Today, I have more from von der Leyen on how to deal with China, and our Austria correspondent reports on allegations against the country’s leading Green party candidate for the European elections.

Tonight, hear von der Leyen and her main election rivals clash over the future economic direction of the EU, in a special Bruegel-FT leaders’ debate in Brussels and online. Sign up here.

Go EUr own way

As Washington imposes sweeping tariffs on Chinese imports, and Beijing hits back against Brussels’ trade probes, Ursula von der Leyen has rejected the idea that the west is already in a trade war with China — and nixed the prospect of the EU joining the US on one side of the barricades.

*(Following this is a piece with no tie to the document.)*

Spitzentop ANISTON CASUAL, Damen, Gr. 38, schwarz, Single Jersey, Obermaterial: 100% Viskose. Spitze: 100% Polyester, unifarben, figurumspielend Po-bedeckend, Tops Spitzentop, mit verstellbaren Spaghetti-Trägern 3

Context: Beijing on Sunday announced an anti-dumping probe against chemical imports from the US and EU, days after the White House jacked up import tariffs on Chinese green technologies. Brussels has opened investigations into allegedly unfair subsidies of Chinese solar panels and electric vehicles.

Von der Leyen, speaking as the lead candidate of the centre-right European People’s party at next month’s European parliament elections, denied the EU was already in a trade war against China, and said Brussels’ approach should be “different” from the US.

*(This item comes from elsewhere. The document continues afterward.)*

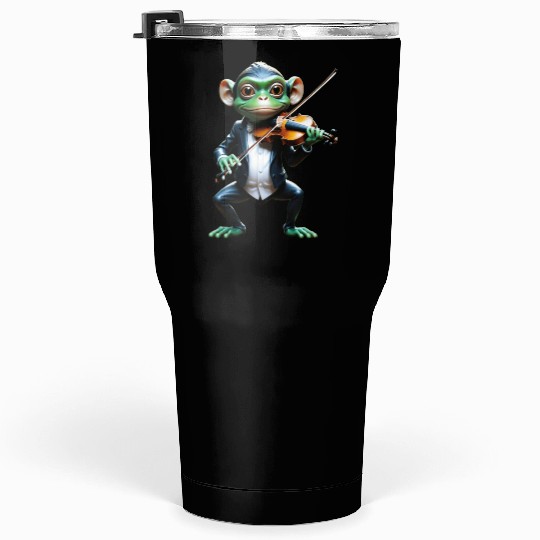 Elegant Monkey Playing Violin Art Tumblers 30 Oz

“Let’s say we share some of the concerns of our American counterparts. [But] our approach is different. The Americans have just applied blanket tariffs,” she told the FT. “We want competition, we want to trade together, but we want it to be fair and by the rules.”

“We see China, for example . . . producing massive overcapacity with artificially cheap products and flooding our market, and our companies having problems to access the Chinese market under fair conditions,” she added. “And we see the topic of forced technology transfer. These are topics that are of concern.”

Von der Leyen said she expected the EU probe announced last September would conclude that Chinese electric vehicles have benefited from “excessive production subsidies”, and that the response would be “that the level of duties would correspond to the level of damage done”.

“So it’s a more differentiated, targeted approach [than the US] . . . we want to signal, it’s not about closing the market or protectionism,” she added. “We want to de-risk, not decouple [from China]. And now we’re developing the toolbox.”

Chart du jour: Feeling the pain

The public mood in advanced countries remains low as households reel from the cost of living crisis.

Gossip girl

A scandal involving Austria’s leading Green candidate for the EU elections and her allegedly doubtful relationship with the truth has been dominating local headlines over the past week, writes Sam Jones.

Context: Lena Schilling seemed to be the perfect candidate. The charismatic and photogenic 23-year-old environmental activist from the Fridays For Future movement was supposed to guarantee a boost for Austria’s Greens, the minority partner in Austria’s coalition government.

But earlier this month, revelations by Austrian newspaper Der Standard threw that all into doubt.

The journalists uncovered that the young Green signed a cease-and-desist declaration relating to statements she made about two former friends, a prominent activist couple. Schilling had told others that the man in the couple was beating his wife who suffered a miscarriage as a result, which the wife called “lies”.

Other cases were cited: Schilling was accused of wrongly claiming to have had an affair with a journalist, putting his career at risk, and a senior politician had to resign because of rumours allegedly spread by Schilling.

Schilling has said the attacks are an unjustified intrusion into her private life intended to distract from her political credentials.

Party bosses have stood by her. Last week Green leader Werner Kogler dismissed the accusations as “grumbling and farting” from jealous political rivals.

But voters seem to have lost faith in the Green prodigy. Schilling is now one of the least trusted politicians in the country, according to polls.

Criticism has come mostly from the left — so much so that the Greens last week gained an unlikely supporter: Harald Vilimsky, lead candidate for the far-right Freedom party, in a TV debate defended his young rival as the victim of a hidden and nefarious liberal establishment.

What to watch today

  1. EU general affairs ministers meet in Brussels.

  2. EU-Moldova association council

  3. EU telecommunications ministers meet.